You get up at a meeting or rally to speak. You make some brilliant and insightful comments. You clinch your argument with a hard hitting fact or quote. You sit down. Then it hits you. You have just quoted the Peoples Weekly World. You then pray that no one asks you for the source of your quote or fact. This happens all the time...to all kinds of people.:o)
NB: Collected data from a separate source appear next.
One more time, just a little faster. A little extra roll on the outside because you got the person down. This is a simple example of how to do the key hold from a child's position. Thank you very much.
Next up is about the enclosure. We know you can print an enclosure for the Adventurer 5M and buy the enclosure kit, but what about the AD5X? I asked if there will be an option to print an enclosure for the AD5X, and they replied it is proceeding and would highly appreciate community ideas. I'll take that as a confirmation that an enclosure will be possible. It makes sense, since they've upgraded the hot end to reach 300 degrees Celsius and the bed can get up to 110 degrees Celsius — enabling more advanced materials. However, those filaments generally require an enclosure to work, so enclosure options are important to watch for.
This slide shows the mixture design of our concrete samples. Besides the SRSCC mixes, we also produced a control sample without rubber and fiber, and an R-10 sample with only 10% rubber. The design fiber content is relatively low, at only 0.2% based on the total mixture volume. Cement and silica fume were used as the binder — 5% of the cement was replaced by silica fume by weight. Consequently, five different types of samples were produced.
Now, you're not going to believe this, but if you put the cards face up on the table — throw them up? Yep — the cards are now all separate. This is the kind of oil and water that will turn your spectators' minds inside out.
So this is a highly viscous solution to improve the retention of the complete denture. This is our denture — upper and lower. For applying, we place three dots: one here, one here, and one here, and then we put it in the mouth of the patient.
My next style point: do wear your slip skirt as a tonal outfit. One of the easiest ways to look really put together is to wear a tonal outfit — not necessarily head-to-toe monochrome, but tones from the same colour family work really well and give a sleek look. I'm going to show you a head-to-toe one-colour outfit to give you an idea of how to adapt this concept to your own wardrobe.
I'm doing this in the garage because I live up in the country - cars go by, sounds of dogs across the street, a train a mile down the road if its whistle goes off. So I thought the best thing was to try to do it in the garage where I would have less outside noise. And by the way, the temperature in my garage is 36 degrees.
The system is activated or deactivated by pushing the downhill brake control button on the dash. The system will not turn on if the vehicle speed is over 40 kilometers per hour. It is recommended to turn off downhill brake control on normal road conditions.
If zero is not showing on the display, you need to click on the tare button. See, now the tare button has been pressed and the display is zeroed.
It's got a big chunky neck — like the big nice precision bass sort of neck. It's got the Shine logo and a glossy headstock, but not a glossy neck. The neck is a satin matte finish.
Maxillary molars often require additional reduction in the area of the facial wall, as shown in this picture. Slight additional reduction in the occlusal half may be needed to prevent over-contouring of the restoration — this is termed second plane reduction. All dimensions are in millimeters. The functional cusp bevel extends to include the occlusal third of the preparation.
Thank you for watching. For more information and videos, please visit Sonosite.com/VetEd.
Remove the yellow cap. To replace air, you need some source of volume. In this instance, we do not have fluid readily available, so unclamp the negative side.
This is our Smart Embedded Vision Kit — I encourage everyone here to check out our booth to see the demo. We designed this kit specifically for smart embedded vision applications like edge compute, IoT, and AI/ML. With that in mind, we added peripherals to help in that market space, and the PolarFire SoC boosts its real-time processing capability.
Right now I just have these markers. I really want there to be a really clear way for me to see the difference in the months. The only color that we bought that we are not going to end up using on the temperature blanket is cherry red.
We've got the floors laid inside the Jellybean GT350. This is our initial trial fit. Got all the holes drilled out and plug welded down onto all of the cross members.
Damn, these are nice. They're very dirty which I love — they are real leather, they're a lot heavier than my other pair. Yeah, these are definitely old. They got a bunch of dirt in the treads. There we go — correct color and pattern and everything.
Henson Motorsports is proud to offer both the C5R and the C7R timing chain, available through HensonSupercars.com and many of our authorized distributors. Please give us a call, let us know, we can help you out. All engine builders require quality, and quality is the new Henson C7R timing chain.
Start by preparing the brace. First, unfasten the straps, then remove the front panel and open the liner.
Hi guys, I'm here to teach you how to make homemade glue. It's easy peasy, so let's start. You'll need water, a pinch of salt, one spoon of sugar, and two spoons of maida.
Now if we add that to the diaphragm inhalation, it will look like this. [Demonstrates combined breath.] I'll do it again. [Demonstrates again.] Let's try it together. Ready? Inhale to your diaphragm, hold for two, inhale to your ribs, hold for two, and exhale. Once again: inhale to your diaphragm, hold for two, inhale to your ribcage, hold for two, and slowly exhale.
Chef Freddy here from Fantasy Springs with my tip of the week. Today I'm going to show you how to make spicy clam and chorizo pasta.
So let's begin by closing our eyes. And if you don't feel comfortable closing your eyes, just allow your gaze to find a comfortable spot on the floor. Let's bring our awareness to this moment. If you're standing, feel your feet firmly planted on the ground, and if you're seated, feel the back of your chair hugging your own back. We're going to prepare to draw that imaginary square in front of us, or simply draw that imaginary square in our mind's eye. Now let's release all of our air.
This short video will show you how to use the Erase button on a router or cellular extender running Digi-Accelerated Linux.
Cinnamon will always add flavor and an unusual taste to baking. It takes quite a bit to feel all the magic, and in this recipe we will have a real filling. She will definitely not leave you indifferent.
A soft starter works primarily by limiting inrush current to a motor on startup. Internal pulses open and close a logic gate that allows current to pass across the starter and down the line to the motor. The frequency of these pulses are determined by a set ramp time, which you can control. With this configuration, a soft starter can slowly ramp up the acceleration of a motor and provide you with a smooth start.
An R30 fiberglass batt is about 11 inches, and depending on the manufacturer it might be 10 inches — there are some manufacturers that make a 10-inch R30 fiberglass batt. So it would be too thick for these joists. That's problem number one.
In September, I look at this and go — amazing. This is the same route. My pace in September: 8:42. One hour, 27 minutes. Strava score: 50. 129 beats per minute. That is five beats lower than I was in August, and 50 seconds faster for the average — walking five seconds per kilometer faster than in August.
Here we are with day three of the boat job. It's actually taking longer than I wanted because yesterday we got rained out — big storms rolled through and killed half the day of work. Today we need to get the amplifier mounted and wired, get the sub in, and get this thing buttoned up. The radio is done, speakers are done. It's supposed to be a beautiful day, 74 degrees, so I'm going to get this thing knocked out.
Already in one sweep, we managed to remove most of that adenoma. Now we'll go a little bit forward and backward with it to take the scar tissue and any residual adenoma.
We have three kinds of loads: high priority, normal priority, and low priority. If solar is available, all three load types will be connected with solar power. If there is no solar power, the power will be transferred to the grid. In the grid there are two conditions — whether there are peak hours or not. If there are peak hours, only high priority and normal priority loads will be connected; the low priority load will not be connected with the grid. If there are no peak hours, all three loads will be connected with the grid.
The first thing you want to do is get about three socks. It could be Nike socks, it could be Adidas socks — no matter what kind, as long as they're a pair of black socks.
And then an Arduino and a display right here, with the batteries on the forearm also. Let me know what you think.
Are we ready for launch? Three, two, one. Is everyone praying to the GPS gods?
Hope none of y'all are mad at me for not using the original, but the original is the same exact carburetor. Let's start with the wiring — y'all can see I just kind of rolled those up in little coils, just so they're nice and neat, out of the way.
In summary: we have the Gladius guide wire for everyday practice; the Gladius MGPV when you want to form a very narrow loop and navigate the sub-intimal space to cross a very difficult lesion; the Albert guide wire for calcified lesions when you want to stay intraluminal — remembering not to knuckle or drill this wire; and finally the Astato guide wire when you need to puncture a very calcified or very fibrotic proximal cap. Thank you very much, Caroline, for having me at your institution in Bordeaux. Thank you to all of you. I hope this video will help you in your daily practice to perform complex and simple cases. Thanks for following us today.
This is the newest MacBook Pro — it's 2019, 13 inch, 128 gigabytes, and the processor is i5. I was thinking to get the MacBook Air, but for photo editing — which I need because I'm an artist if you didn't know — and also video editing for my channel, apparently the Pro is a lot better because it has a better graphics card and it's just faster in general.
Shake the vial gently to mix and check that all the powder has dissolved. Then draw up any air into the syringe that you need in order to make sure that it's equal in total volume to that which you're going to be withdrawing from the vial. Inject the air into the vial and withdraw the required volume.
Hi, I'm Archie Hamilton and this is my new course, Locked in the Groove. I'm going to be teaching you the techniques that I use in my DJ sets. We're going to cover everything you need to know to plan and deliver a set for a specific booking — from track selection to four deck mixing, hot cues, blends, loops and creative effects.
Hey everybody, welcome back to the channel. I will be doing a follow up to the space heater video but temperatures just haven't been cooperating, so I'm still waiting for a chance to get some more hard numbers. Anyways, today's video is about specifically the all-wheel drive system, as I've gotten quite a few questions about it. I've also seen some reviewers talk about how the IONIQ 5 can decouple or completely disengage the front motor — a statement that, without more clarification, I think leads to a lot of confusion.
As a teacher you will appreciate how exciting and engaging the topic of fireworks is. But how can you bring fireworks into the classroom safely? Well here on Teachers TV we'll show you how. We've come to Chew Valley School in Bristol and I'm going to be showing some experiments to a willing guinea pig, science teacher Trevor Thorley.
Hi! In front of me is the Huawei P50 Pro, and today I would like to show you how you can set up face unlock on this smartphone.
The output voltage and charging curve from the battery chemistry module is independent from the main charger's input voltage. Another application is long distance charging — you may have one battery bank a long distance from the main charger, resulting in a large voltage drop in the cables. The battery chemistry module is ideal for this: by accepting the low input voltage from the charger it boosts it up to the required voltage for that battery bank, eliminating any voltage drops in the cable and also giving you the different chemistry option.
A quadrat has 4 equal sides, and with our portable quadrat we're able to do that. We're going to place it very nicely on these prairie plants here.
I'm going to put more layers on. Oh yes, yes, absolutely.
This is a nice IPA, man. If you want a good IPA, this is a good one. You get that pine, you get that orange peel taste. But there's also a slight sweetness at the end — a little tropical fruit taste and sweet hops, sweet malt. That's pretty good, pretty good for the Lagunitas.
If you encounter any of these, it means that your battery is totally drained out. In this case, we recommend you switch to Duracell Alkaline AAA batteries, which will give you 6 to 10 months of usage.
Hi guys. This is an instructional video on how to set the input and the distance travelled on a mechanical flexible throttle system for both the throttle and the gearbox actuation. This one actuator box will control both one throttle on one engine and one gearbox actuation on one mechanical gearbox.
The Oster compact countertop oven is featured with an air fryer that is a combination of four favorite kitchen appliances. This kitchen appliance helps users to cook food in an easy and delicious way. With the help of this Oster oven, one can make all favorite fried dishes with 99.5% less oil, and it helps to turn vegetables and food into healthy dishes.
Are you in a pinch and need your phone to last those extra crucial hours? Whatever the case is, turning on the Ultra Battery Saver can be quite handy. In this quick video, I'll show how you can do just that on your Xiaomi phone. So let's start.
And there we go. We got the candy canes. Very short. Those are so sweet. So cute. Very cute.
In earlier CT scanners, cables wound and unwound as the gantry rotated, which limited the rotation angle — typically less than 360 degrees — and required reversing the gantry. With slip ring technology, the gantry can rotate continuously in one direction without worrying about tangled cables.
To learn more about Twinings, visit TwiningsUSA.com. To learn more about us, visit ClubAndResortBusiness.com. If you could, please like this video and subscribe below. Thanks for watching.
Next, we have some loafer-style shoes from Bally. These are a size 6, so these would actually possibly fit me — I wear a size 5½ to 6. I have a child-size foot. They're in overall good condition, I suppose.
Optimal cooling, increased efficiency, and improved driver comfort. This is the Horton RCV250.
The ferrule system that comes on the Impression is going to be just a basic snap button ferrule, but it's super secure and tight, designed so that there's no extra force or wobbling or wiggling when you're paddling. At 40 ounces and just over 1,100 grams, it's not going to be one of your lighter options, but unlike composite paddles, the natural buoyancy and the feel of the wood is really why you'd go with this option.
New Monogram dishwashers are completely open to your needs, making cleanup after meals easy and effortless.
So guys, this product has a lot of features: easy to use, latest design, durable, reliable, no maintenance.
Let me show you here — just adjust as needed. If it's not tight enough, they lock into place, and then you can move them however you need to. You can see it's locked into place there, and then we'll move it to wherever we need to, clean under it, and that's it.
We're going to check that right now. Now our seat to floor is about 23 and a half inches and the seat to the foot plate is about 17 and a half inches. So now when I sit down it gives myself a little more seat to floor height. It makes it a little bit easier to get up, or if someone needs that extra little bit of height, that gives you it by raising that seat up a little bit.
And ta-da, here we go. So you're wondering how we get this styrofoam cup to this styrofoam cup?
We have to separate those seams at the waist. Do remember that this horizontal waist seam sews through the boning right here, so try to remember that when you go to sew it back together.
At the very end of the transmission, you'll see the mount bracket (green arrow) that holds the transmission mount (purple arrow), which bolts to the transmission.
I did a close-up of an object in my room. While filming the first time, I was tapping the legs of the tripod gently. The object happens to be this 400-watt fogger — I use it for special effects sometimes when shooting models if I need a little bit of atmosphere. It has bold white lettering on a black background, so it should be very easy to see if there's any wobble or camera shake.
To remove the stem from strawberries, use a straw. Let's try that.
You are at a rally or public meeting for some good union cause. You are approached by a newsie hawking one of the various tabloids trying to rally the workers. The newsie no doubt is honest in his or her conviction to the cause. My usual answer is to tell the newsie that I have a lifetime subscription to their tabloid. This works.;o) If the newsie is a pal; I add the words whether I want it or not.
Tommy
Carl Remick wrote:
> > On Sun, 27 Jun 1999, Carrol Cox wrote:
> >
> > > joining. He fortunately had never read Adorno or been on a maillist
> > > with nothing better to do than ask foolish questions.
> >
> > Which explains exactly why the CP was smashed so easily in
> > the Fifties,
> > and why Rightwingers to this day ceaselessly attack intellectuals and
> > pointy-heads (and, of course, the Frankfurt School) any
> > chance they can,
> > right?
> >
> > -- Dennis
>
> Yes, I think it's a mistake to romanticize this plucky guy hawking the
> Daily Worker on a street corner no matter what the weather. Maybe New
> York City is just nastier than Minneapolis, but anyone who has been here
> any length of time gets used to seeing an assortment of cranks at their
> habitual postings around town flogging their idées fixes. No one to my
> knowledge has ever said, "Gee, look at those guys with nothing better to
> do than annoy passersby -- they must really have something to say!"